My broad guess is that they've probably been given many "first offense" allowances over time, they've been either unpersuasive (or worse: evidence there is never any real penalty), and as a university instructor who cares about academic integrity (you've already spent the time to investigate this!), it's time to apply the putative penalty, so as to get the actual message across.

Moreover, as others have stated, the central Academic Integrity Officer is likely to maintain university-wide records, and decide or recommend increasing penalties for students who have had prior reports filed. (At my school, the available reports actually span 25 different campuses in our university system, in which transfers are common.) Having every instructor silo their own "first offense" process short-circuits that mechanism.
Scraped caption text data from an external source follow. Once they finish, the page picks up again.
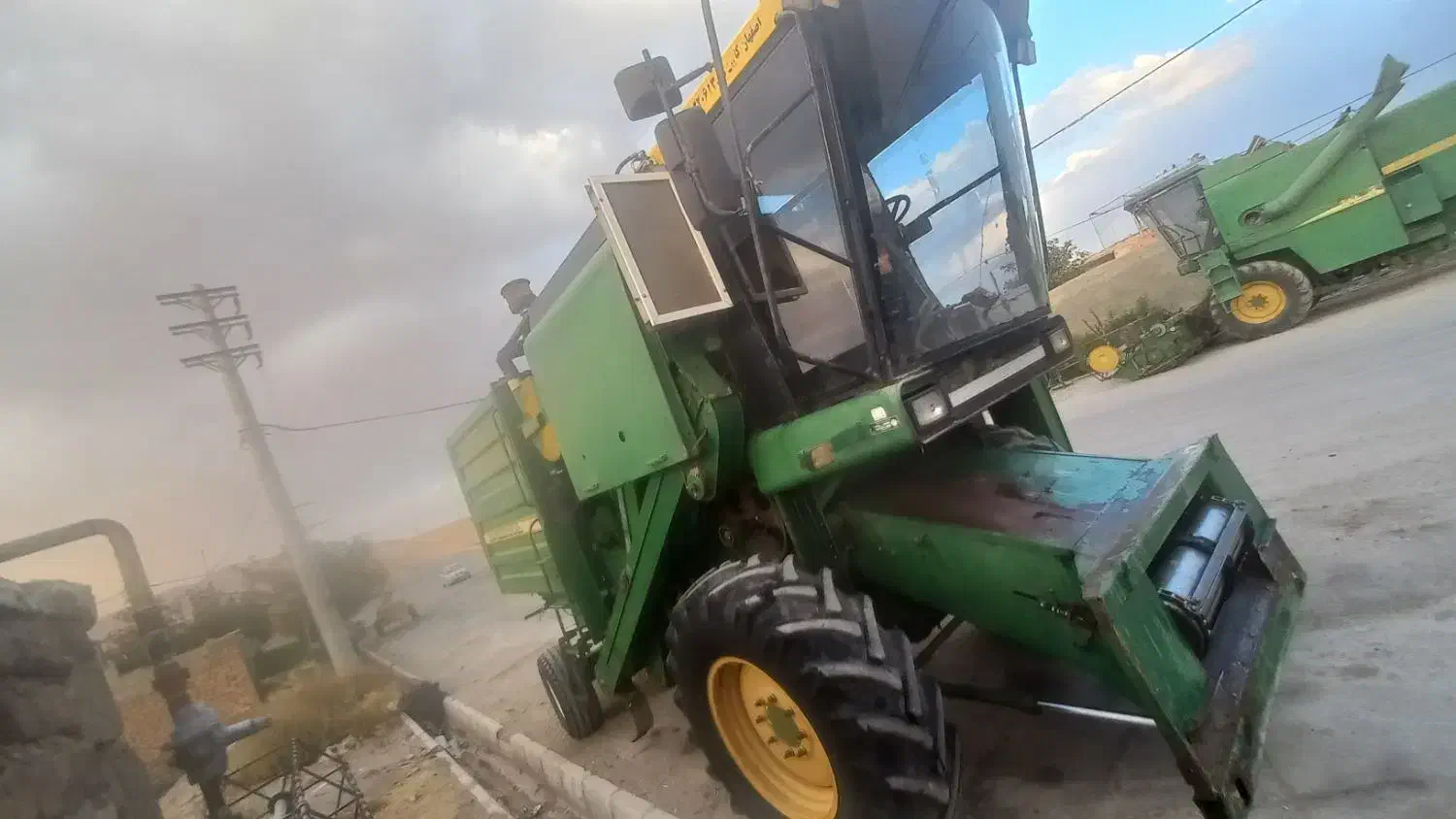 ۲کمباین مدل ۹۴ و ۹۵ در حد زیر بند چین|خودرو سنگین|شاهنجرین, |دیوار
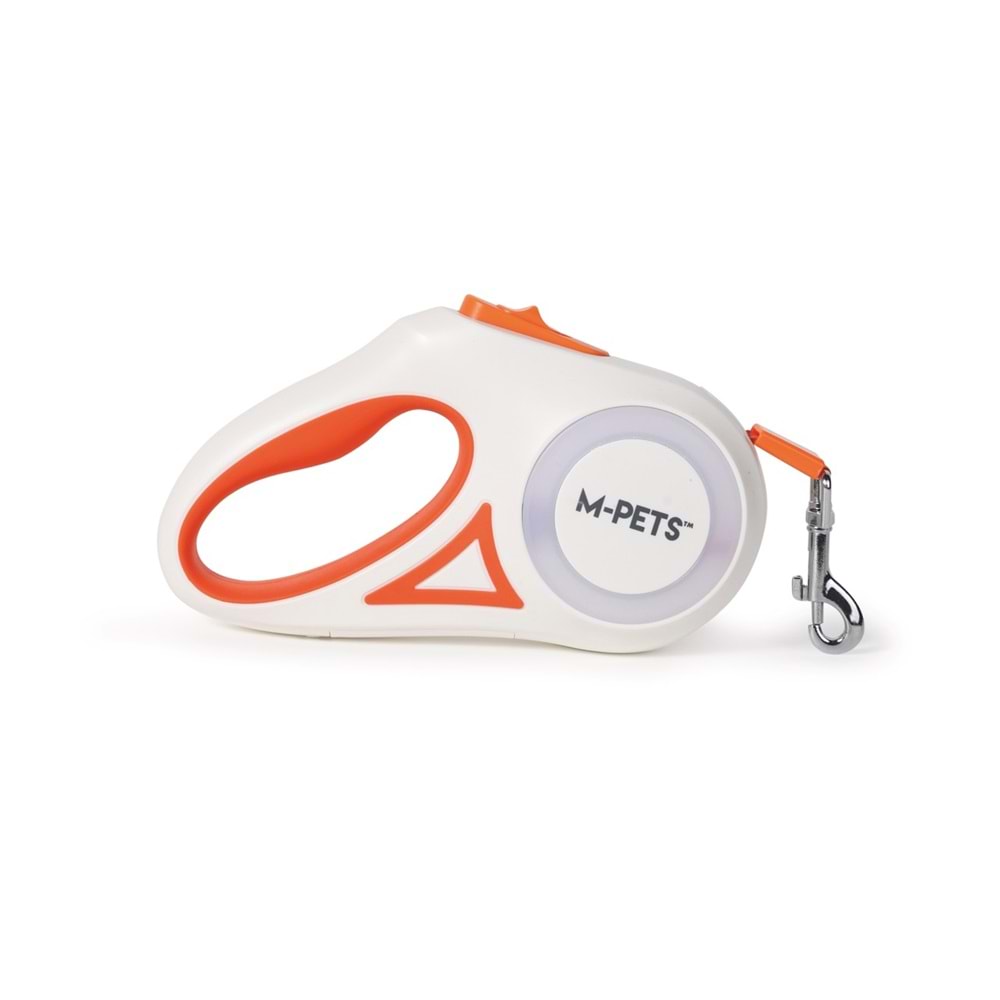 10839399 M-PETS FLASH LEDLİ OTOMATİK GEZDİRME ŞERİT 3MT/ORANGE
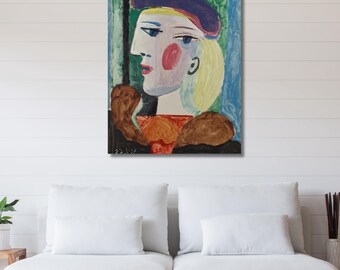 ピカソ「ダンス」展ポスター：抽象キャンバスウォールアート - Etsy 日本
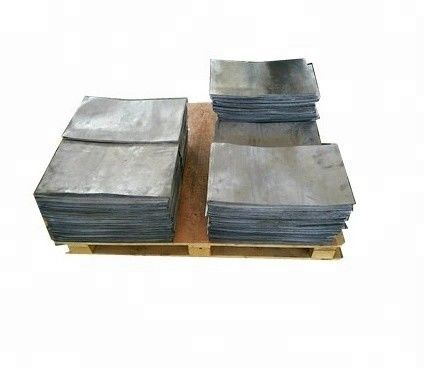 99.99% de pureté des feuilles de blindage au plomb avec des dimensions personnalisables pour la protection contre les radiations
For these reasons, under the assumption that university students are expected to be previously aware of the rules (perhaps by reading syllabus information or other student materials, etc.), and also fairly long prior academic experience, I recommend assessing roughly the harshest penalty for cheating on tests possible. In my case, the default is a zero in any such case. I've found that assigning this as a "pending" null grade to the assignment makes students much more prompt about responding to cheating investigation inquiries (which otherwise go unreplied or "ghosted" in many cases). Perhaps more importantly, the OP's initial "scale down the grade based on the severity of the cheating" idea sounds vague and likely to result in bias or irregularities if they don't have a specific expected level of sanction decided in advance.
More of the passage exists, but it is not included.